The Church has resources for addressing these questions. Some of them will likely make you uncomfortable—as they do me. But we all have good reason to feel uncomfortable. The end of the war in Afghanistan ought to elicit introspection and compunction, and the Church’s penitential practices are, for Catholics, the most suitable expression of that compunction. Now is a good time for us to examine our consciences, individually and collectively.
Returning from Afghanistan was a stranger experience than going. A seasoned master gunnery sergeant told me it would be: “Nothing you do when you get back will seem as important as this, and you’re going to have to get used to that.” He was right, of course. The stakes of everyday life are less extreme. Decisions are not usually life-and-death. There are more mundane details to civilian life—buying groceries, paying bills, renewing your car registration—than you remember. This adds up to things seeming less important. But it’s his warning that I’d have to get used to it that sticks with me. His point wasn’t that ordinary experiences are less important, but that they seem so. Getting used to that means coming to terms with your time at war.
Much of this happens within your unit. Some of it happens with your friends and family, some with the broader community. Your interactions with all of these people helps you understand what it means to have gone to war and to have returned. The Church has a role to play here, too. One thing the Church does, which distinguishes it from all the others, is provide access to the sacrament of Reconciliation. Those returning home from deployment often have things to confess—sometimes terrible things. The ministry of the Church is there as a means of God’s grace, to deal with sin. But what if that’s not enough?
I don’t mean that the grace of the sacrament isn’t enough. I mean that the Church might not be able to wait passively for penitents to come to the sacrament for healing. One reason the Church can’t stand by and wait is the deep cultural narrative about military service in the United States. According to that narrative, those who serve in uniform are heroes. We must support the troops. What the troops are up to usually isn’t part of the discussion. The thing to do—the only thing to do—is support them.
The roots of this unreflective support are pretty dark. The backdrop of “thank you for your service” is the complete failure of Americans during the Vietnam era to welcome and assist returning troops. I’ll never forget the people waiting to welcome my unit home when we set foot on American soil after a year away. Many of them were Vietnam veterans whose own homecomings had been decidedly different from ours. The veterans waiting for us when my unit stepped off the plane recognized the need—their own and ours—to be seen, and to be seen as honorable. Better, we’ve decided (and it surely is better) to reflexively support those fighting the nation’s wars, to pat them on the back, to call them heroes, than to vilify or ignore them.
But neither vilifying veterans nor heroizing them will help them come home well. Neither helps them come to terms with their actions during deployment. This is where the Church has the tools, and the responsibility, to take action. It can do so by demanding penance from those who have returned from war. To demand penance is not to demonize. Rather, it amounts to an acknowledgment that “evils and injustices accompany all war” (the Catechism of the Catholic Church, §2307). War, as the Second Vatican Council tells us, is something we’re enslaved to, something from which we should desire to be freed.
The necessity for universal penance after war turns on a recognition that bloodshed is evidence of sin, of deep brokenness that needs specific attention. Penance can certainly be related to personal sins, and often should be. But we can identify broader reasons for adopting penitential disciplines. Job, “a blameless and upright man” (Job 1:8), adopts the posture of a penitent when he shaves his head and sits on the ash heap. He does so not as penance for his own personal sin, but to lament the common human condition after the Fall.
In his August 29 Angelus message, Pope Francis called on all of us to fast and pray for the people of Afghanistan. He said, “I address an appeal, to everyone, to intensify your prayer and practice fasting.
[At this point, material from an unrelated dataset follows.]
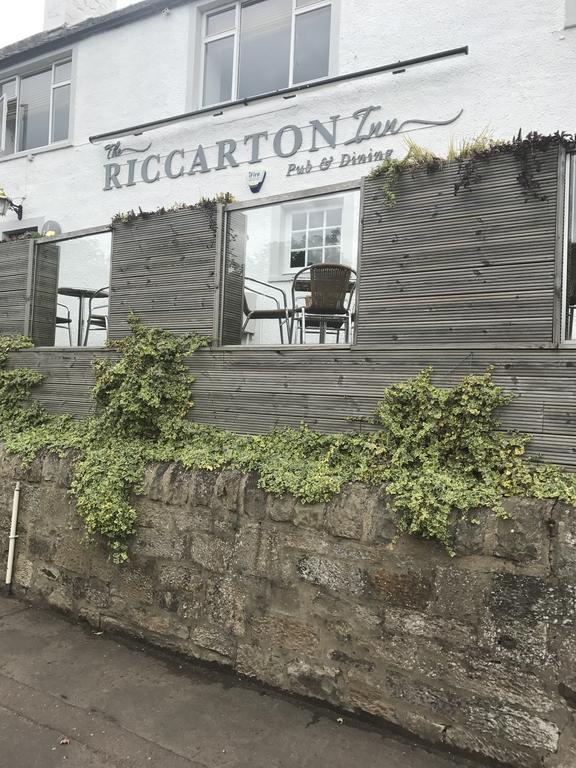 Riccarton Inn Currie Екстериор снимка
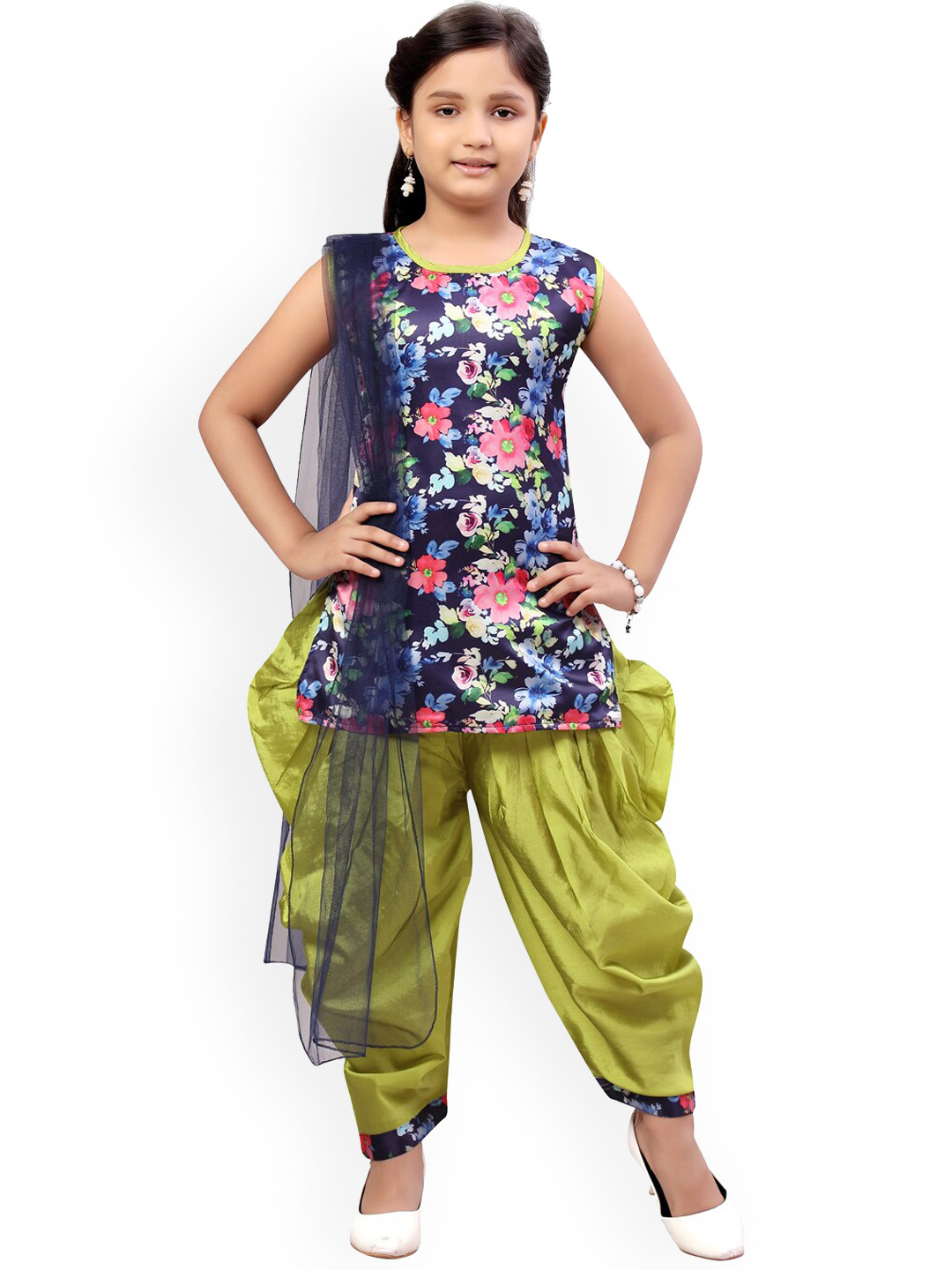 

Aarika Girls Navy Blue Floral Printed Pure Cotton Kurti with Patiala & Dupatta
Prayer and fasting, prayer and penance. This is the moment to do so.” Because this was a call to everyone, it included those culpable for wrongdoing in Afghanistan. But it also included many people with no obvious connection to that country. Here, in other words, is an application of penitential discipline to people who have not committed any personal sin.
The work of penance is salutary. It goes to work on the source of grave evil, the human heart. Penance, and ascetic disciplines generally, are meant to bring us into confrontation with ourselves. As St. Gregory the Great puts it, “When we attentively consider our darkness and blindness, we are mentally provoked to tears.” These tears, Gregory insists, are a necessary step toward joy: “The soul sighs before it eats.” Before we’re capable of making spiritual progress, we must be ready to confront ourselves, to be lanced by compunction. This view of penance requires us to speak of sin not just as a particular action, but as an affliction. Sin, St. Paul tells us, is something that reigns (Romans 5:21), enslaves us (Romans 6:9), leads to death (Romans 6:16), and dwells in us (Romans 7:23). If our talk about sin is focused exclusively on personal actions and neglects the way sin infects and corrupts us, the range of things for which we might do penance will be too narrowly circumscribed. Sin is something from which we need to be delivered, not something we can simply avoid. Nothing drives this reality home as acutely as war.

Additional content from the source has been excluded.